Aline - La rivière est profonde
On savait les Aline magistraux sur Regarde le Ciel. Carton mérité de l’année 2013. On savait les Aline artisans de mélodies imparables, toutes en ligne claire pour mieux tromper l’ennemi. On savait qu’Aline ne serait définitivement pas un coup de vent, un courant d’air avant que la fenêtre ne claque. On savait que les maudits garçons avaient des références, des ressources, de l’envie. On savait que Romain puisait un peu partout l’inspiration, qu’Arnaud et Vincent avaient vu mille scènes, joué sur dix registres différents. On savait les liens antérieurs (Pastels, Orange Juice) actuels (Alex Rossi, Autour de Lucie, Daho, Barbara Carlotti). On savait que ce groupe prometteur, peaufiné sur des années d’épreuves, promettrait.
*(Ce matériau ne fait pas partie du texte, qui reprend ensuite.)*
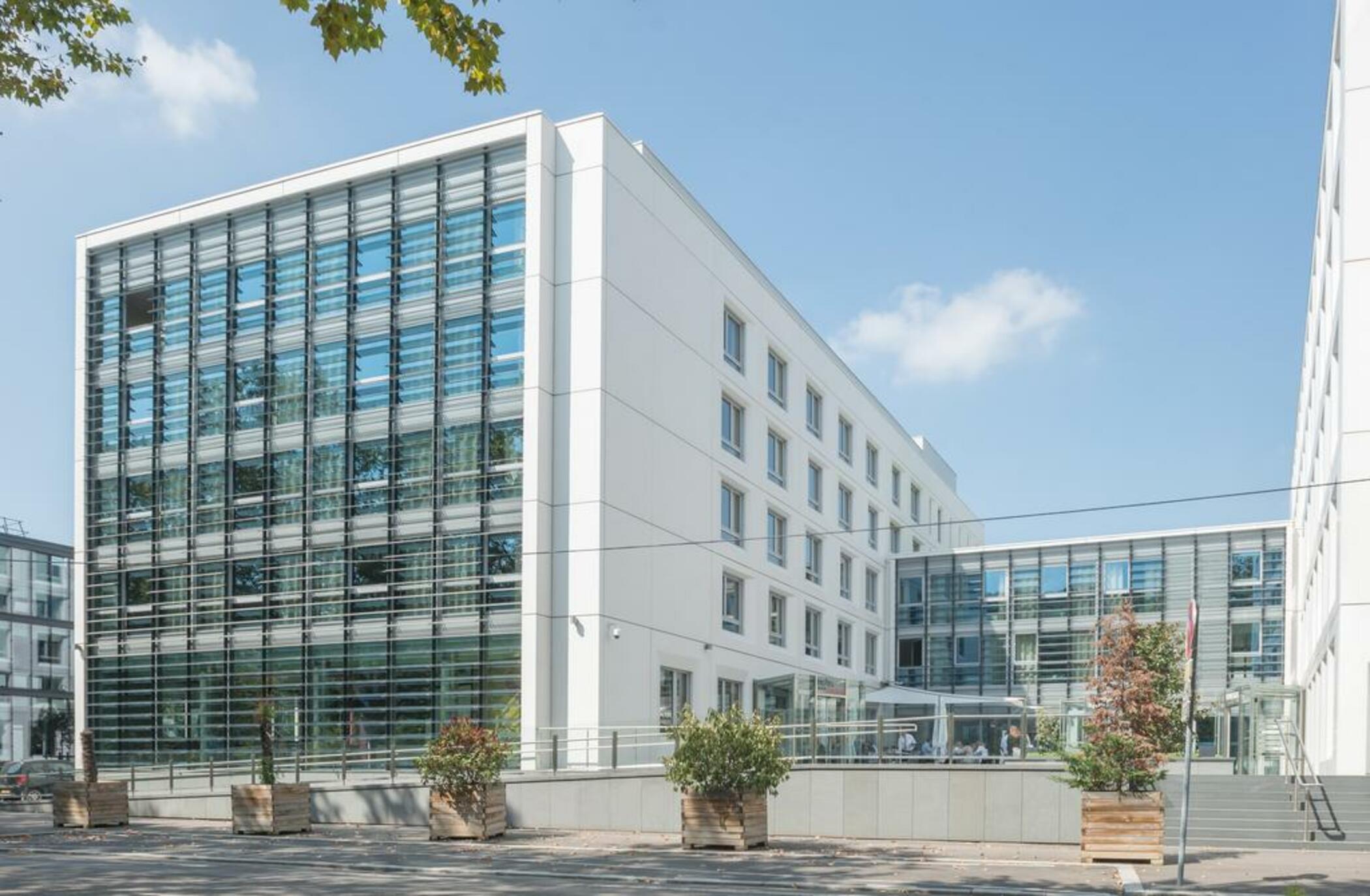 Vista Exterior Lyon Ouest by Arteloge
Ce qu’on ne savait pas, c’était comment. Comment dépasser la perfection ciselée, vaporeuse ou nerveuse d’un album qui cache sa profondeur dans de petits noyaux modestes d’euphémismes ? Comment dévier sans brusquer, faire apparaître l’inquiétante étrangeté comme une piste possible, sans toutefois faire chavirer la barque ?
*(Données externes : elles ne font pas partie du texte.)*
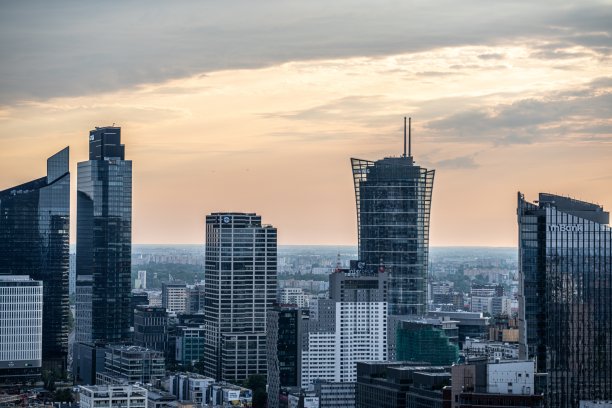 华沙商业中心的日落和摩天大楼图片下载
La rivière est profonde est un début de réponse. Titre inédit présent sur la compil France 2014 et plus..., le morceau distille une gravité juste caressée du doigt, joue encore la carte d’une tension paradoxale entre légèreté et pesanteur pour notre plus grande appréhension. Instrumental sec et expéditif, basse frondeuse, claviers solennels, guitare toute en retenue ironique, construction qui s’éclaire d’une lecture de Guy Debord par une voix juvénile :
« Il y avait les rues froides et la neige, et le fleuve en crue : "Dans le Mitan du lit – la rivière est profonde." Il y avait les écolières qui avaient fui l’école, avec leurs yeux fiers et leurs douces lèvres ; les fréquentes perquisitions de la police ; le bruit de cataracte du temps. "Jamais plus nous ne boirons si jeunes. »
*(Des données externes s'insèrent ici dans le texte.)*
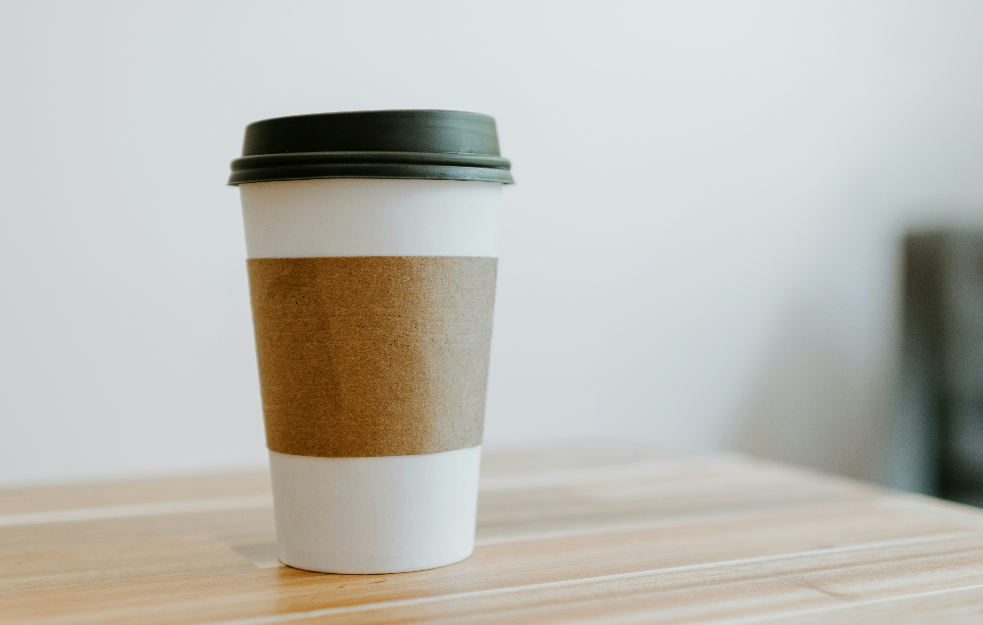 Zašto je kafa za poneti dosta jeftinija od one koju pijete u kafiću?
(Panégyrique, Guy Debord, 1989)
Les Aline présentent une nouvelle facette, référencée et en eaux troubles. Mais après tout, il y avait déjà du Jean Eustache et ses petites amoureuses chez eux. La progression semble donc cohérente ET passionnante.
Si la rivière est profonde, le chapeau magique des Aline ne le semble pas moins. Et c’est avec une infinie patience qu’Euphonies attend le nouvel album, prévu pour 2015.